In matlab solving (A'A)\(A'b) takes about 0.15 s, using doubles.

I have now done some experimenting with Eigens sparse solvers. I have tried:

SimplicialLLT
SimplicialLDLT
SparseQR
ConjugateGradient

and some different orderings. The by far best so far is

SimplicialLDLT

which takes about 0.35 - 0.5 using AMDOrdering.

When I for example use ConjugateGradient it takes roughly 6 s, using 0 as initilization.

The code for solving the problem is:

    A_tot.makeCompressed();
     // Create solver
    Eigen::SimplicialLDLT<Eigen::SparseMatrix<float>, Eigen::Lower, Eigen::AMDOrdering<int> > solver;
    // Eigen::ConjugateGradient<Eigen::SparseMatrix<float>, Eigen::Lower> cg;
    solver.analyzePattern(A_tot);
    t1 = omp_get_wtime();
    solver.compute(A_tot);
    if (solver.info() != Eigen::Success)
     {
         std::cerr << "Decomposition Failed" << std::endl;
         getchar();
     }
    Eigen::VectorXf opt = solver.solve(b_tot);
    t2 = omp_get_wtime();
    std::cout << "Time for normal equations: " << t2 - t1 << std::endl;

This is the first time I use sparse matrices in C++ and its solvers.

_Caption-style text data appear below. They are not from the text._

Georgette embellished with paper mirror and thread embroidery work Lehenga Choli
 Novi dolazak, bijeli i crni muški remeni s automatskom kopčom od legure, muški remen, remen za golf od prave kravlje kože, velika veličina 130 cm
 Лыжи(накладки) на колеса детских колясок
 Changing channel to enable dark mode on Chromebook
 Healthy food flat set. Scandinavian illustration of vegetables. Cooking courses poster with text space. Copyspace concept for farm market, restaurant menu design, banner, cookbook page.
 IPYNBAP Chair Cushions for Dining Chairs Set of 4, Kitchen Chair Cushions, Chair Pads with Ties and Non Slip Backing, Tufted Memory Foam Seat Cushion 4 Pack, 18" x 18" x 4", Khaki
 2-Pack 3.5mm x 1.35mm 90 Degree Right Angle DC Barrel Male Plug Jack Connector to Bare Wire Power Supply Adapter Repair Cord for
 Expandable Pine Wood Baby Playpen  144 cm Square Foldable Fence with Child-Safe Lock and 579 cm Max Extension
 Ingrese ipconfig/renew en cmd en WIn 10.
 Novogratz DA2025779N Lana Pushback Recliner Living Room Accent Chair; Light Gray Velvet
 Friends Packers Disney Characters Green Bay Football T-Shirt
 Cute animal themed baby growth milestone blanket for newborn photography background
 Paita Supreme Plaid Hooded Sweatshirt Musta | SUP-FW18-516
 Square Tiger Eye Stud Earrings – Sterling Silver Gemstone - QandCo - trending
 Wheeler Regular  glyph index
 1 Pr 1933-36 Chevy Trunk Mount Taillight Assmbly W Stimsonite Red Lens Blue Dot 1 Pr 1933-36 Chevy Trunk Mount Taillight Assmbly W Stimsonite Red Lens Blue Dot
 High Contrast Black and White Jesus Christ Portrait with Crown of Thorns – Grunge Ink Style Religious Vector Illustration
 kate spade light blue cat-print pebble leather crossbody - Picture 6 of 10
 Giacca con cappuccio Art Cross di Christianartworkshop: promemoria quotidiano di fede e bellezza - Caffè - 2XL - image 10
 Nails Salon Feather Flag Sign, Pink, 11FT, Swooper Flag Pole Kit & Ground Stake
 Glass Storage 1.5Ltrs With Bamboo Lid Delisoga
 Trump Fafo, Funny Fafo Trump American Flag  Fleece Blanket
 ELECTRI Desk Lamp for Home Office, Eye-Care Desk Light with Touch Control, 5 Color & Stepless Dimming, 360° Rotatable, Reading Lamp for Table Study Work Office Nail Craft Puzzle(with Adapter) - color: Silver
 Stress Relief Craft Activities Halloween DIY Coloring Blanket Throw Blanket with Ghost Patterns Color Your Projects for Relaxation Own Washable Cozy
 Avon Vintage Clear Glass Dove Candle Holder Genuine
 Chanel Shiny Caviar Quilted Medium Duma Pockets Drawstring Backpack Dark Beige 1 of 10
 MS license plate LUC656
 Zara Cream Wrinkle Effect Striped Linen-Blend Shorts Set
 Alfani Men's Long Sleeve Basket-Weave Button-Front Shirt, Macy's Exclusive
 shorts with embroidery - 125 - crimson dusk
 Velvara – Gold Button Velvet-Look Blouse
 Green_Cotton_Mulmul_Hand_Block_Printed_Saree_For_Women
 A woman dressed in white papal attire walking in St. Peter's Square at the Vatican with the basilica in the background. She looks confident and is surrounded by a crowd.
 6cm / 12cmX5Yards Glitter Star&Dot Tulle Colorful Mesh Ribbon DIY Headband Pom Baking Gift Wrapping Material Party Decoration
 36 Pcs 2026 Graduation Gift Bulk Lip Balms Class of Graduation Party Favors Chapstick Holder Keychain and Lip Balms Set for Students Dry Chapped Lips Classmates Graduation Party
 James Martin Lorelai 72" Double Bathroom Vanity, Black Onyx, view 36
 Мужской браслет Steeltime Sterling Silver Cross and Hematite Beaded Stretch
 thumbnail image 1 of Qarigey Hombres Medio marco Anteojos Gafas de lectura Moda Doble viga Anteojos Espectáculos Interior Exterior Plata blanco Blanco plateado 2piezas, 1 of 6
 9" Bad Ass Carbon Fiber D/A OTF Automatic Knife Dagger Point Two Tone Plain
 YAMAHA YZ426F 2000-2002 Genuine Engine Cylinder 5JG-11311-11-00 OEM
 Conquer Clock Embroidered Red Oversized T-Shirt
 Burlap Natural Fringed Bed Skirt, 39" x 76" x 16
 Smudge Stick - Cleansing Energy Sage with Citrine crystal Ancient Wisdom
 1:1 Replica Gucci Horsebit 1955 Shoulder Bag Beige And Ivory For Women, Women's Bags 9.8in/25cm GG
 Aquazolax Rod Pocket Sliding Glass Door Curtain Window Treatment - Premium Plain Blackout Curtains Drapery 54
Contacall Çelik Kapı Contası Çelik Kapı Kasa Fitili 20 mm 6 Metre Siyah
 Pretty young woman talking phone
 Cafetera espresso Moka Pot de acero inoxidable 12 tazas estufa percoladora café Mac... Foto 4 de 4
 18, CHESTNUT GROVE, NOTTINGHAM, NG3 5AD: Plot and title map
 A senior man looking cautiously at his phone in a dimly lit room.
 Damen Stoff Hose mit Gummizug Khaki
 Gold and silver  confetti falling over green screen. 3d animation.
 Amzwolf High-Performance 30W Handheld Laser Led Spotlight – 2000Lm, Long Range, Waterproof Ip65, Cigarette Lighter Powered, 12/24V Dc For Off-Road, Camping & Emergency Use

For this project speed is crucial and below 0.1 s is a minimum.

I would like to get some feedback on which would be the best strategy here. For example one is supposed to be able to use SuiteSparse and OpenMP in Eigen. What are your experiences about these types of problems? Is there a way of extracting the structure for example? And should conjugateGradient really be that slow?

Edit:

Thanks for som valuable comments! Tonight I have been reading a bit about cuSparse on Nvidia. It seems to be able to do factorisation an even solve systems. In particular it seems one can reuse pattern and so forth. The question is how fast could this be and what is the possible overhead?

Given that the amount of data in my matrix A is the same as in an image, the memory copying should not be such an issue. I did some years ago software for real-time 3D reconstruction and then you copy data for each frame and a slow version still runs in over 50 Hz. So if the factorization is much faster it is a possible speed-up? In particualar the rest of the project will be on the GPU, so if one can solve it there directly and keep the solution it is no drawback I guess.

A lot has happened in the field of Cuda and I am not really up to date.

Here are two links I found: Benchmark?, MatlabGPU

Your matrix is extremely sparse and corresponds to a discretization on a 2D domain, so it is expected that SimplicialLDLT is the fastest here. Since the sparsity pattern is fixed, call analyzePattern once, and then factorize instead of compute. This should save some milliseconds. Moreover, since you're working on a regular grid, you might also try to bypass the re-ordering step using NaturalOrdering (not 100% sure, you have to bench). If that's still not fast enough, you might search for a Cholesky solver tailored for skyline matrices (the Cholesky factorization is much simpler and thus faster in this case).